That matters because Lipps sat behind bars for months before Fargo police finally interviewed her in December.
When Zibolski was asked how that could happen, he blamed process. He said there was no easy system to notify Fargo investigators if someone arrested on one of their felony warrants was already in custody. He said the department is now looking at ways to improve that, including a daily review of jail booking rosters.
Police also said they are now making changes to how facial recognition gets used. Zibolski said the West Fargo program involved in the case has been prohibited from use and that officers will receive training on how to understand facial recognition returns and submissions.

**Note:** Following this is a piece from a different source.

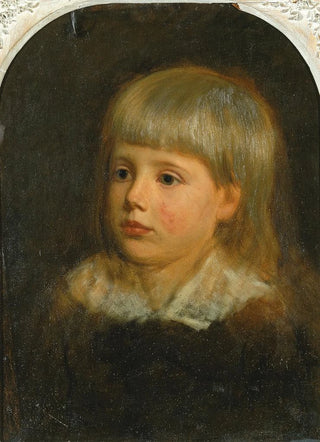 Oliver Ingraham Lay - Charles Downing Lay Portrait of the Artists Son.webp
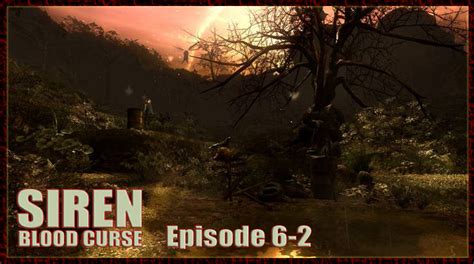 Siren: Blood Curse Part #12 - Episode 6-2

He said the department has also put temporary restrictions in place, including a ban on facial recognition information coming from other departments.
“What I can tell you, from what I know right now, is that the persons involved are also very upset by this, because they pride themselves on their thoroughness,” he said.
“No one wants to see someone detained, arrested unnecessarily,” Zibolski said. “We’re happy to acknowledge when we make errors, and we’ve made a few in this case for sure, but also that we are willing to address those.”
He went on to say the department certainly apologized for any damage done to trust in the community. Fargo Mayor Tim Mahoney tried to strike a similar tone.
“Once our department knew about her arrest, they immediately addressed it,” Mahoney said. “We will continue to look at our process.”
Lipps’ lawyers were not buying the cleanup language. In a statement, they said the news conference only confirmed what they had already found.
“It appears that the Fargo Police Department did not undertake basic investigative efforts before causing a warrant and charges to issue for Angela Lipps,” the attorneys said.
“Officers knew that Angela was a Tennessee resident and we have seen no investigation by officers to determine whether she traveled to or was in North Dakota at the time of the bank thefts.”
“Instead, an officer used AI facial recognition as a shortcut for basic investigation, resulting in an innocent woman being detained and transported halfway across the country to answer for charges that she has nothing to do with.”
Lipps has since become the face of a case that blew up far beyond North Dakota. Her story drew national headlines and led to a GoFundMe page that has raised tens of thousands of dollars as she tries to piece her life back together.
“I have no car, no money and no way to start over on my own,” she wrote. “I have always been an independent woman. I cannot start life again with nothing.”

I really hope she ends up owning Fargo when this is over. There is no excuse for that kind of shoddy police work. Period.